Lembro muito bem de ter lido em 2004 “Um Certo Capitão Rodrigo”, livro do gaúcho Érico Veríssimo que compõe a saga “O Tempo e O Vento” e, diferente de todos os entediantes livros que tinham leitura obrigatória no colégio, esse me cativou do início ao fim. O estilo agradável e empolgante da narrativa, além do carisma de seu personagem principal desde então me fizeram ansiar por uma adaptação cinematográfica que fizesse jus à obra de Veríssimo. Eis que, quase dez anos depois, sob a direção de Jayme Monjardim (“Olga“), a história das famílias Terra, Cambará e Amaral chega aos cinemas de forma bela, porém com muitos tropeços.

Em “O Tempo e O Vento” são quase dois séculos que vão acompanhar a trajetória da família Terra, narrados por uma acamada e idosa Bibiana (Fernanda Montenegro) a partir do nascimento de Pedro Missioneiro (Martín Rodriguez), cuja mãe indía foi resgatada pelos missionários jesuítas, contudo, a tragédia viria ao encontro da missão trazida pelos castelhanos anos depois, até que Pedro, vagando pelos pampas e já adulto, aparece em situação de enfermidade diante de Ana Terra (Cléo Pires). A desconfiada família Terra, chefiada por Maneco (o sempre ótimo Luiz Carlos Vasconcellos),  cuida do “índio” que, ao contrário dela, sabe ler e se mostra muito solícito àqueles que salvaram sua vida. No entanto, Ana aos poucos se sente atraída pelo rapaz e ambos não resistem à perigosa paixão, o que lhes acaba saindo muito caro. Mais incidentes trágicos acabam levando Ana Terra e agora seu filho Pedro rumo a Santa Fé, vilarejo erguido pelo coronel Ricardo Amaral (José de Abreu). Lá a família permanecerá por gerações, a princípio em paz, até a chegada de um certo capitão Rodrigo Cambará (Thiago Lacerda), um estranho fardado vindo de sabe-se lá onde e que desde que chegou não tira os olhos da jovem Bibiana (Marjorie Estiano), tornando-se o vetor das desavenças entre os Terra e Amaral.

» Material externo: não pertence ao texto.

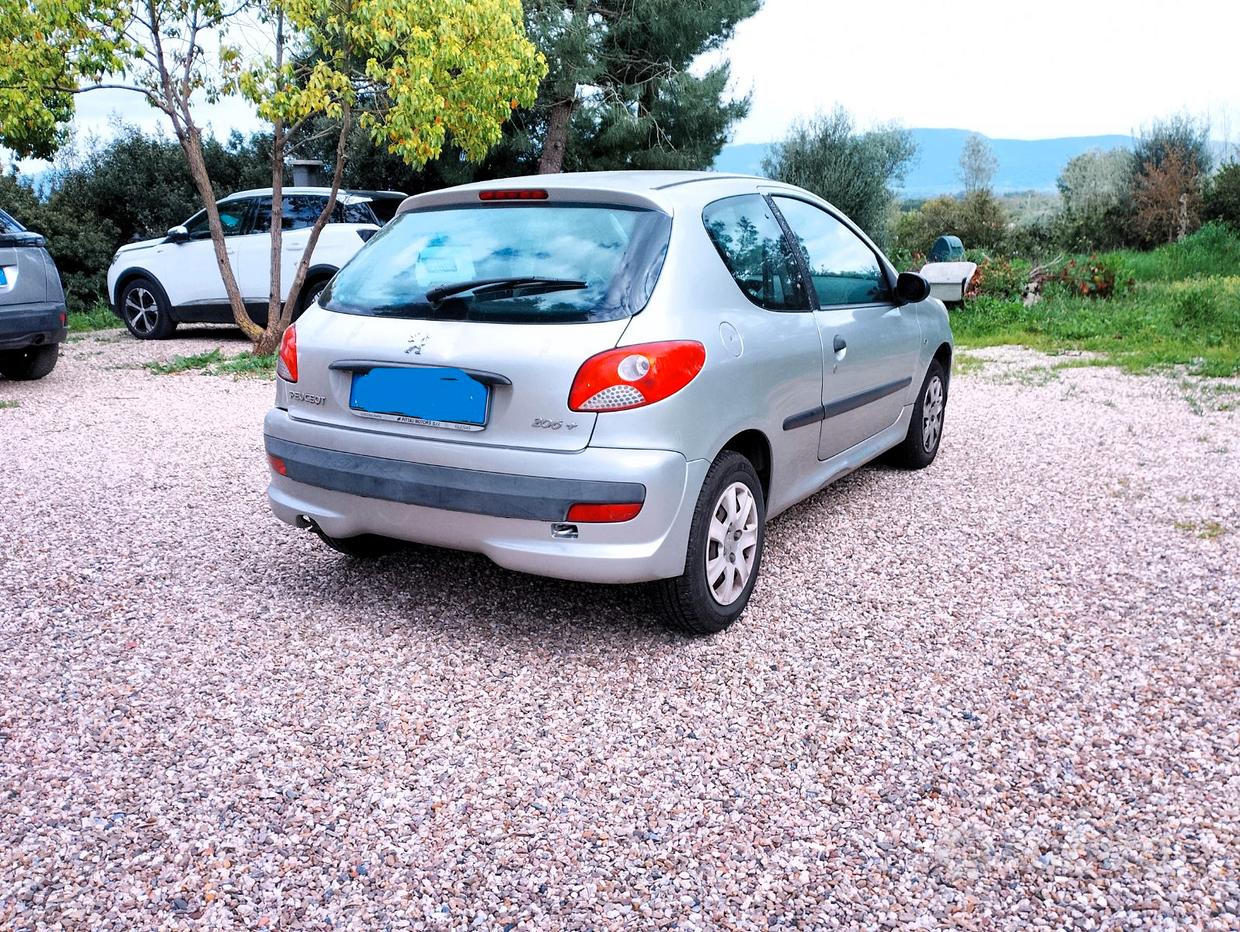 PEUGEOT 206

Considerando ser o arco de maior tempo na projeção, Lacerda segura o filme e consegue muito bem representar o carisma do Capitão, sobretudo em suas primeiras cenas, quando trava diálogos divertidos seja com o irmão de Bibiana, Juvenal, ou com o Padre Lara (Zé Adão Barbosa), enquanto que por razões de corte ou de roteiro os personagens de AbreuEstiano e Paulo Goulart, dentre tantos outros, por exemplo, pouco se desenvolvem diante da trama que acaba se mostrando uma representação do cotidiano da família Terra-Cambará, volta e meia abrangendo assuntos da Revolução Farroupilha e Revolução Federalista, abaixando as expectativas de quem esperava aquelas tomadas épicas de exércitos de farrapos vistas na excelente mini-série “A Casa Das Sete Mulheres“, também dirigida por Monjardim. Mudanças de atrizes com intenção de envelhecer as personagens Ana e Bibiana (além de servir como transições de tempo que se tornam recicladas) causam um estranhamento, até porque elas pouco acrescentam à narrativa com exceção de, claro, Fernanda Montenegro.

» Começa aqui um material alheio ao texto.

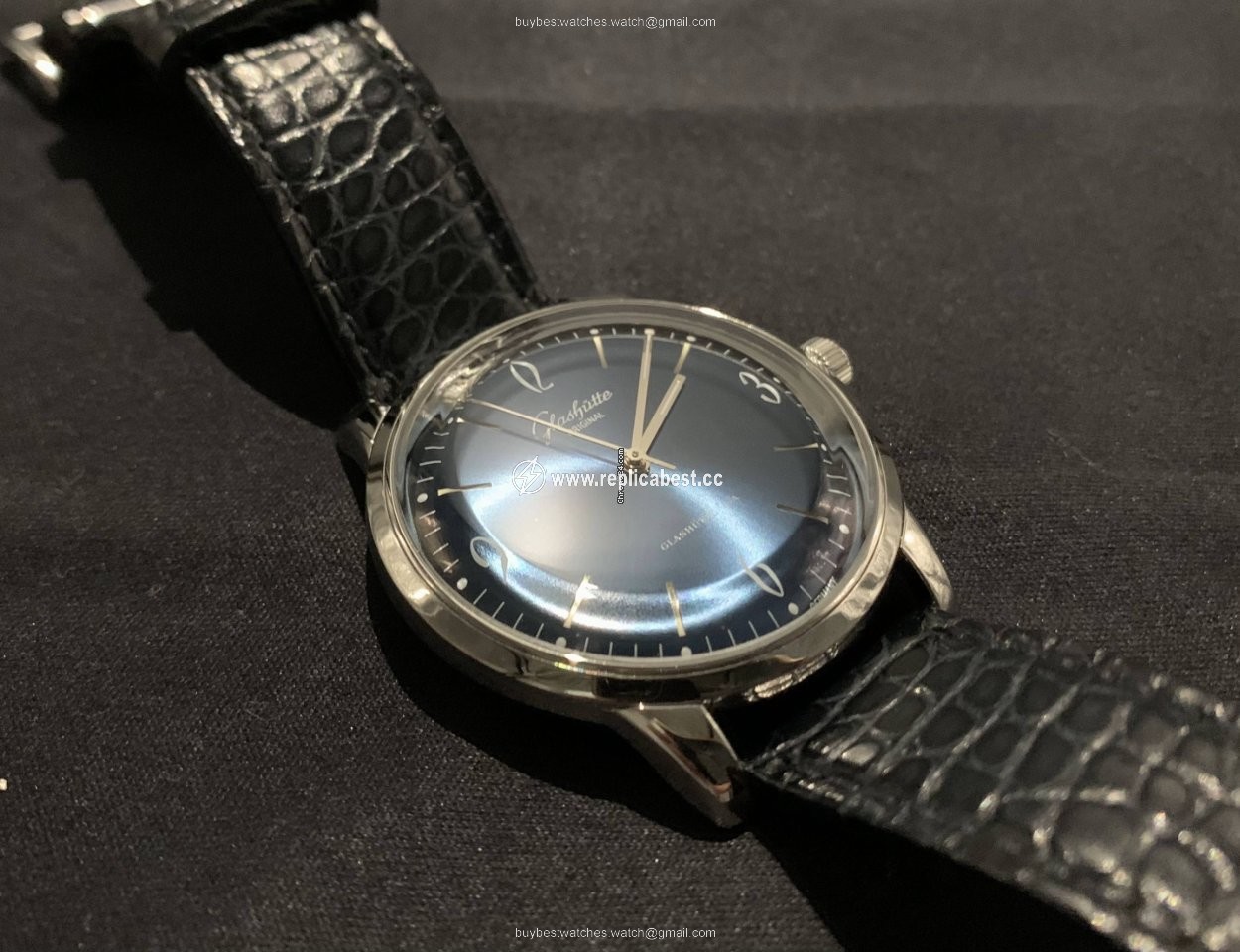 Glashutte Original Sixties Mens watch Unisex Automatic 1-39-52-01-02-04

Algumas das “marcas registradas” do diretor também estão presentes no filme. Perde-se a conta de planos ao pôr-do-sol ou ainda tomadas de ambientação valorizando as belas locações do Rio Grande do Sul, aliada a paleta de cores sempre viva do diretor de fotografia Affonso Beato, e também habituais planos fechados nos rostos dos atores, o que pode desagradar quem espera ter uma experiência menos novelística. O cuidado com os cenários e adereços é precioso, ficando a par de muitas produções estrangeiras de renome, e o figurino não é deixado de lado; favorecido pelos closes, é possível notar a riqueza no detalhamento das roupas dos personagens e figurantes.

 

 

Apesar de conter um número de atuações forçadas, assim como problemas de roteiro e montagem a parte (sobretudo no terceiro ato), a direção de “O Tempo e O Vento” e equipe merecem menções honrosas por trazer às telas um filme diferente do habitual, principalmente por ressaltar a cultura do Sul do Brasil que é tão rica e muitas vezes oprimida no cinema nacional, com um resultado emocionante que poderia talvez se estender em uma trilogia cinematográfica, mas que ainda encontra dificuldades em alcançar um público acomodado a acompanhar mini-séries em todo início de ano.